Decadence. Indulgence. Excess.
What other location in France (indeed, Europe, and maybe even the world) embodies these words as much as the Château de Versailles? Home to the French royals from the reigns of Louis XIII to the ill-fated Louis XVI, Versailles came to be the resplendent palace we think of it as under Louis XIV, known lover of art, ladies, debauchery, and all things pleasurable- and expensive.
Wander up the leafy streets of the Paris suburb of Versailles from the train station, and you will be struck by the palace’s gilt-gated facade. The scale of the château is boggling, and just standing in the courtyard will give you an idea of how much glamour, decoration, luxury, and gold drips from every wing, every corner and every tiny detail.
The castle interior is intricately decorated with sumptuous furnishings, artworks, fabrics, mirrors and, unsurprisingly, a lot more gold. The famed hall of mirrors is exquisite, though as I’ve written about before, I’m a fan of historical living quarters, so my favourite room in the castle is the queen’s gold-and-baby-blue bed chamber, replete with a secret door to her velvet-panelled boudoir.
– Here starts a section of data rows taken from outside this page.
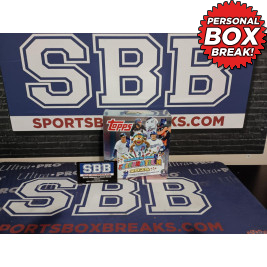 2025 Topps Series 1 Baseball Celebration Mega Box (PERSONAL BOX) Baseball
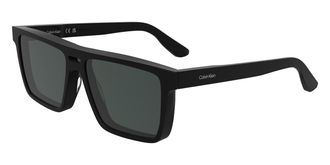 Calvin Klein CK25501S 001 Mens Sunglasses Black Size 57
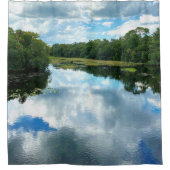 Alexander Springs Creek Duschvorhang (Vorderseite)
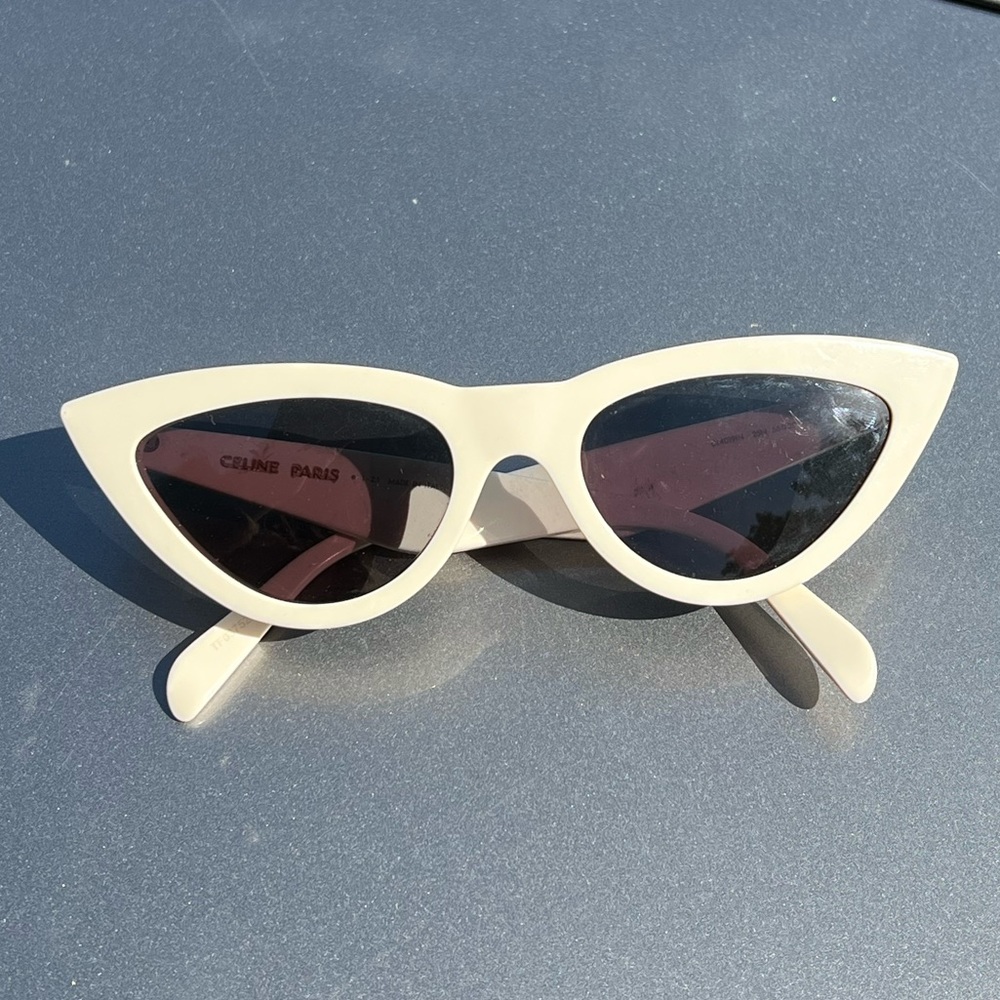 Celine Cat Eye Sunglasses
Beyond the palace itself lie the seemingly-endless grounds. If the weather is fine, meander along the many paths and admire the manicured hedges, ponds peppered with sculptures, rose gardens, wooded areas, and monumental, domed Grand Trianon. Stop for a drink at one of the salons de thé set in the grassier areas of the grounds, and maybe even find a field of sheep or two.
Further afield, you will come upon Marie Antoinette’s little village, a mock-pastoral collection of cottages built for the queen herself, where she would retreat with a select number of friends and servants to experience a “simpler” life. I love the atmosphere of the Queen’s Hamlet, and I can see what she found charming about such a place, so far from the glitz of the castle. And yet there is something disturbingly patronising about the village.
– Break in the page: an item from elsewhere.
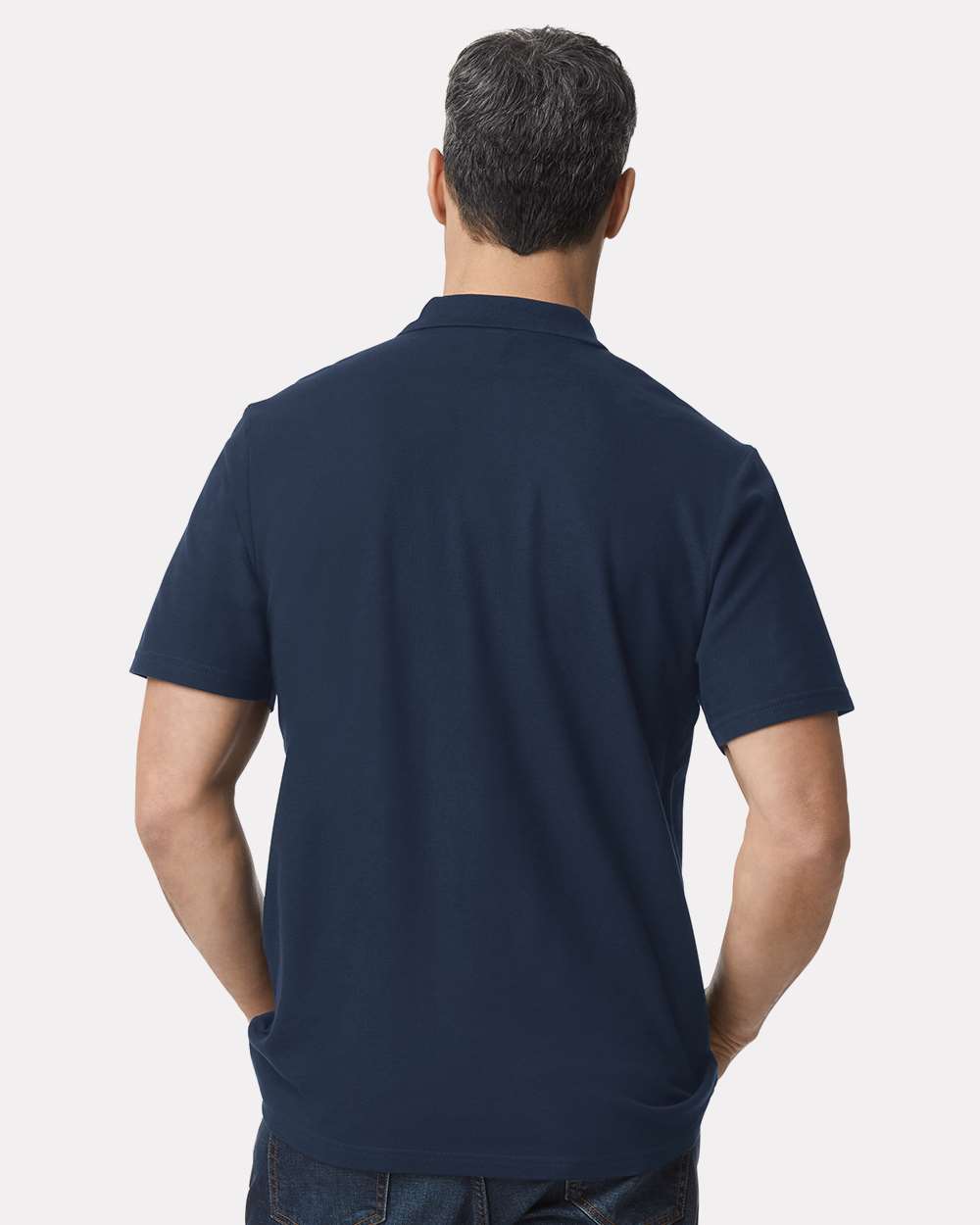 Gildan-64800-Softstyle® Pique Polo - Image 43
Versailles is inarguably gorgeous, a feat of architecture and a hub for 18th-century art and culture. During its golden years, the court hosted many artists, like playwright Molière and Rococo painter Fragonard. The royals and their designers were responsible for major advances in fashion, and brought a decadent playfulness to the art of French dress. Perhaps above all, Versailles was a place of wealthy people and expensive things, and the result was inevitably beautiful and impressive.
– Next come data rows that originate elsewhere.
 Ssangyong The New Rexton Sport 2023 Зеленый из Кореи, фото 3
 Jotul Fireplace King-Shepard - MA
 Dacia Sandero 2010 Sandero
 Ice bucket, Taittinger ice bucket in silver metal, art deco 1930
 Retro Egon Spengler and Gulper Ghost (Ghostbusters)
Yet there was a dark side to Versailles, if an invisible one. Louis XIV’s and (later) Marie Antoinette’s decadent, debaucherous lifestyles ran France’s economy into the ground, and the unworldly Louis XVI could do nothing to save it. As royals and aristocrats feasted, the French public starved. As the Crown spent wild sums on maintaining its wasteful ways, the French working class were taxed far beyond their means. As the King funded the American Revolution, a grassroots movement on French soil planned its own.
Inevitably, unceremoniously, spectacularly, Versailles crumbled at the hands of the Revolutionaries. Members of the Court either fled in fear, or lost their heads at the guillotine. Versailles was doomed from the start, for it was built on an untenable system of extravagant inequality.
And that’s why I feel so apprehensive not just about Marie Antoinette’s village. It was crushingly, painfully, woefully hard to be a peasant in 18th-century France. Playing at being one for fun sums up everything naive and unjust about what Versailles represented.
Versailles was a glittering monolith of pleasure and indulgence that ignored, and fuelled, a well of national suffering. Even Napoleon thought it would be a bit gauche to take up residence there, once he became France’s self-proclaimed Emperor, and that’s saying something.
However, the château’s current role breathes new life into its beauty, for these days it is a museum. And what are museums but a slice of culture and history made available to one and all? I think the Revolutionaries would approve. And I hope, deep down in her heart, that sheltered, silly, but not=-fundamentally-cruel queen would, too.